Por essa razão, Raquel afirma que os demais membros da comissão não participam das reuniões, que são restritas aos familiares que procuram o Pappadis: “Há casos de pais que pedem para vir com os filhos, para se sentirem acolhidos, porque de alguma forma não estão à vontade para vir sozinhos. Isso é permitido. Mas tudo é passado para a nossa equipe ter o controle. A intenção é deixar as pessoas o mais confortável possível nesse ambiente, que é neutro, em um ponto central da cidade e que tem o respaldo da Ordem”.

Dos encontros, que não têm pautas definidas previamente para que se possa avaliar as demandas dos participantes, Marcia já tirou várias lições, entre elas a de que o preconceito às vezes está mais entranhado do que se imagina. “Apesar da minha evolução nos últimos anos e de pensar, inocentemente, que tinha dominado os preconceitos em relação à orientação sexual ou identidade de gênero, quando recebemos a mãe de uma mulher trans vi que ainda tenho muito caminho pela frente. O processo não para. Por um momento agradeci a Deus por minha filha ser ‘só’ lésbica. Aprendi que o sofrimento de uma mulher trans é cotidiano, está no dia a dia, passa pela discriminação , pela exclusão e pelas agressões não só psicológicas, mas até físicas. Ali, durante o relato das duas, vi um grande exemplo de amor e acolhimento”, conta a coordenadora.
 
“Precisamos sempre respeitar as diferenças e não podemos nunca baixar a guarda, temos de ser vigilantes com nossas reações espontâneas cobertas de preconceito”, acrescenta.

Membro do Pappadis, Rosane Albuquerque é outro exemplo de mãe que viu sua vida mudar após a revelação da filha de que era gay. Afastada do Direito, Rosane se viu num processo de volta ao mundo jurídico, onde já atuava anteriormente em Direito de Família, para procurar se qualificar para trabalhar com Direito Homoafetivo após uma entrevista da desembargadora aposentada Maria Berenice Dias, expoente no assunto e presidente da Comissão de Diversidade Sexual da OAB Federal.

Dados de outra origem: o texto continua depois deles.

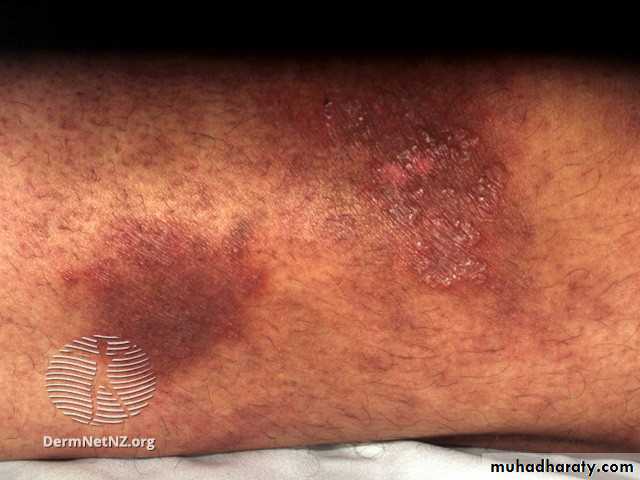 FUNGAL INFECTION 2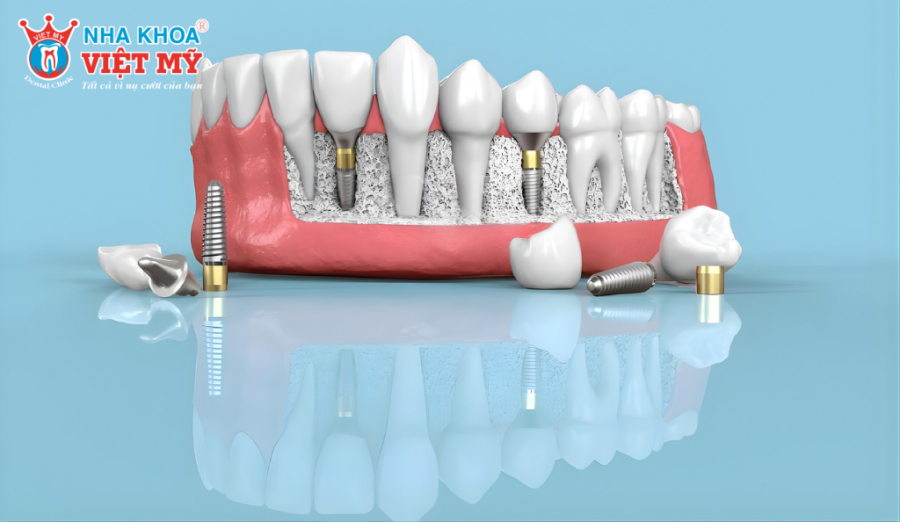 Chi phí trụ Implant MIS C1 thuộc phân khúc cao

Rosane conta que sua história foi mais fácil do que outras relatadas. “Fiquei sentida por minha filha não ter me contado antes, já que me contava tudo. Como ela tinha namorado três meninos, em relacionamentos longos, eu não imaginava. Mas é muito difícil também para o homossexual se entender. Ela chegou a falar com todos eles sobre o desejo que sentia por meninas, mas só por volta dos 30 anos entendeu que era, de fato, homossexual, e aceitou”, diz.

M., que preferiu não se identificar para atender ao desejo do filho de não ser exposto, diz que ficou perdida ao descobrir, por uma mensagem no celular, a orientação sexual dele, com 17 anos na época. O processo natural da maioria das mães, explica a coordenadora do grupo, é de vergonha, raiva e negação. “Mas vai depender da experiência de vida de cada uma o quanto demora cada fase. Quem está em negação não faz o movimento de vir procurar ajuda porque tem medo de ser discriminada. Só que aqui não se fala nome, sobrenome, o que veio fazer, nada. Se não quiser compartilhar, pode chegar e ficar em silêncio”.

Rosane acredita que, com a evolução dos produtos midiáticos, pode se tornar mais fácil para as novas gerações lidar com a diversidade. “A gente viu, desde cedo, na novela, nas histórias em quadrinhos, nas músicas, sempre homem e mulher, Monica e Cebolinha. É tudo binário”. A revelação da filha, Tatiane, a tirou de sua zona de conforto. “Sinceramente, sou muito grata a ela por isso, por ter me colocado para fora desse mundo de Truman [referência ao filme O show de Truman, no qual o protagonista vive em uma realidade encenada de um reality show sem desconfiar]. Agora, saio e vejo a diversidade ao meu redor, a riqueza que temos. É impressionante o grau de possibilidades. E isso é muito bonito, muito rico, não é para se jogar fora. O mundo é imenso e a gente fica aqui querendo rotular tudo”.

O projeto Pappadis tem encontros quinzenais às terças-feiras, sempre às 18h, na sede da Seccional. Para participar basta enviar um email para [email protected]. O grupo tem ainda perfil no Facebook: facebook.com/Pappadis.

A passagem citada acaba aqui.